EXERCISE => Could you restate word for word the lines running from the one with "Nuggets center Nikola" to the end of the data, both ends included, but without pictures?

DATA =>
--*--

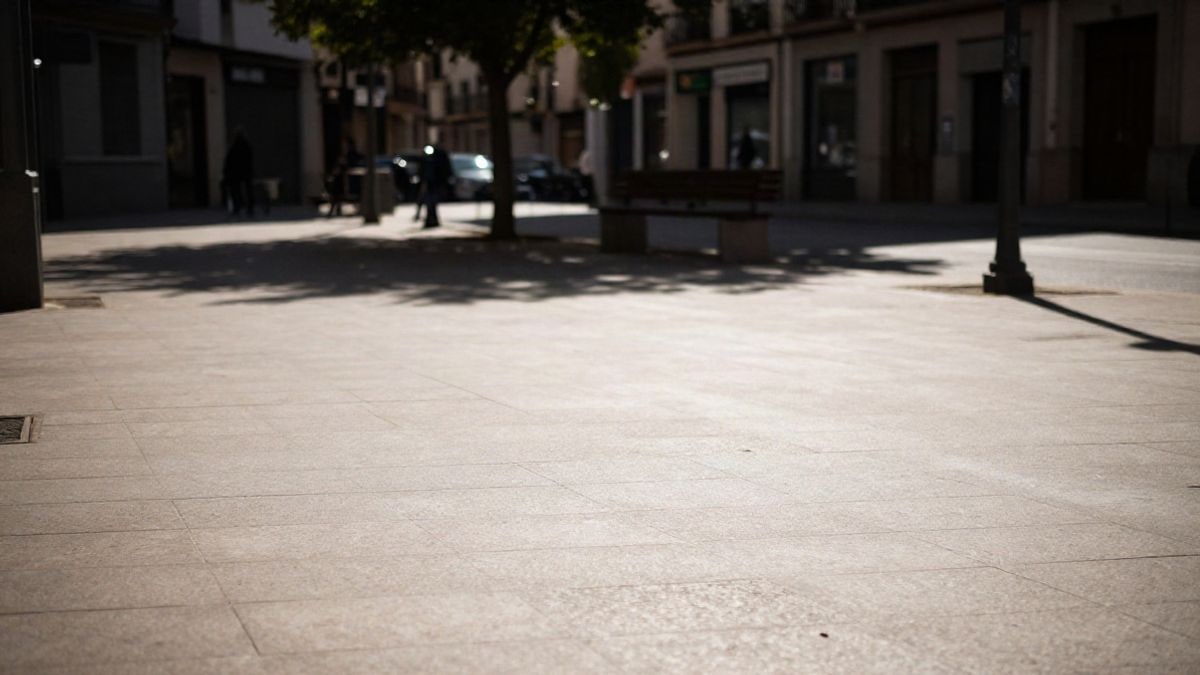 Imagen ilustrativa: calle urbana con pavimento claro y árboles, bajo la luz del sol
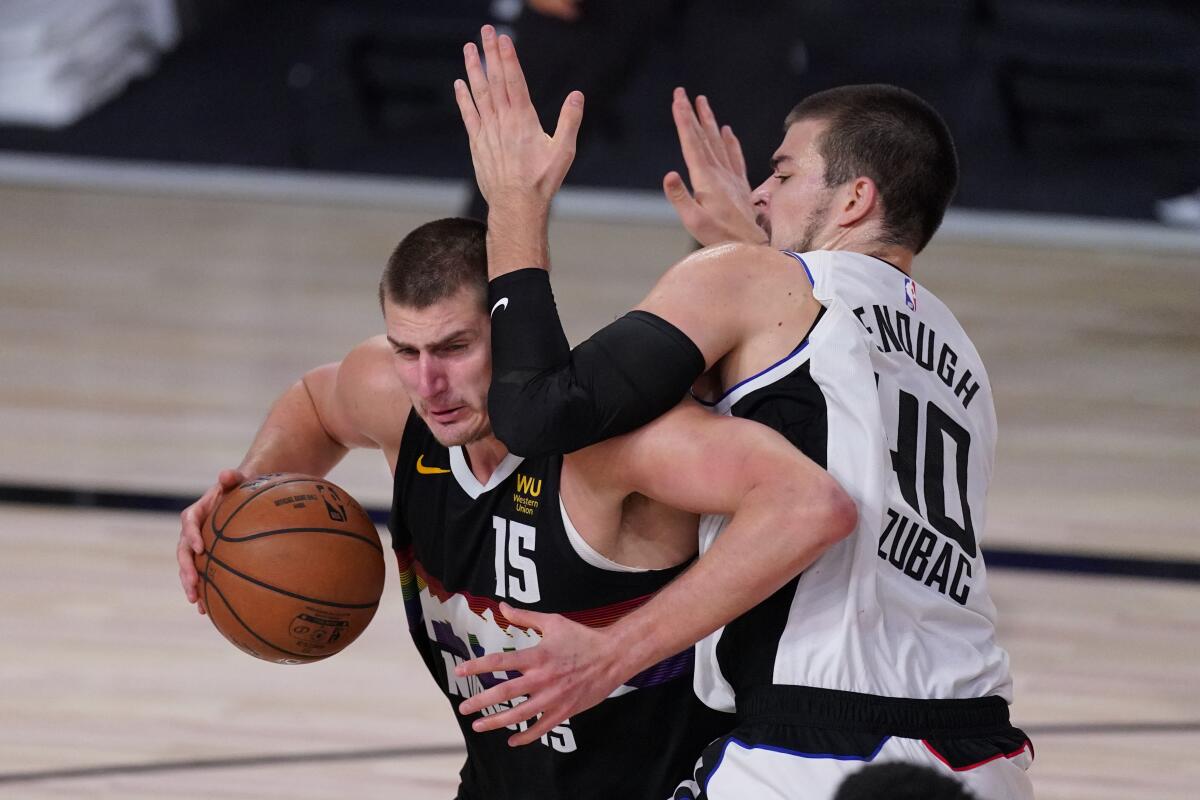 Nuggets center Nikola Jokic tries to power his way past Cippers center Ivica Zubac during Game 3 on Sept. 7, 2020.
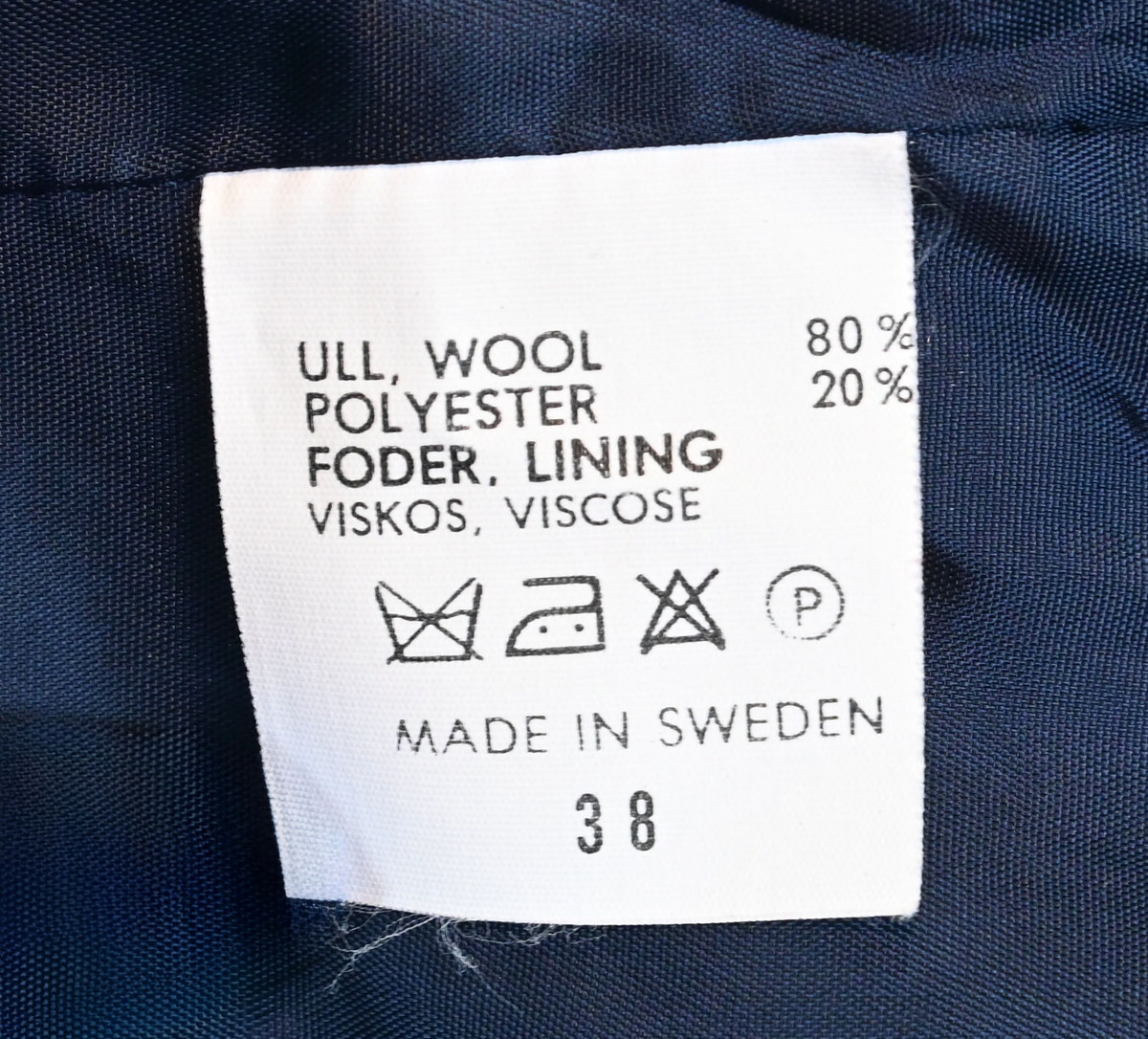 Kavaj, uniform, dammodell. Mörkblå tyg av 80% ull och 20 % polyester. Enkelknäppning med två guldfärgade metallknappar. Två midjefickor och en bröstficka på vänster sida, samt en innerficka. Kavajslaget och fickornas kanter har vinröda passpoaler. Design av Getti S.P.A.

--*--

FINISHED TASK =>
 Nuggets center Nikola Jokic tries to power his way past Cippers center Ivica Zubac during Game 3 on Sept. 7, 2020.
 Kavaj, uniform, dammodell. Mörkblå tyg av 80% ull och 20 % polyester. Enkelknäppning med två guldfärgade metallknappar. Två midjefickor och en bröstficka på vänster sida, samt en innerficka. Kavajslaget och fickornas kanter har vinröda passpoaler. Design av Getti S.P.A.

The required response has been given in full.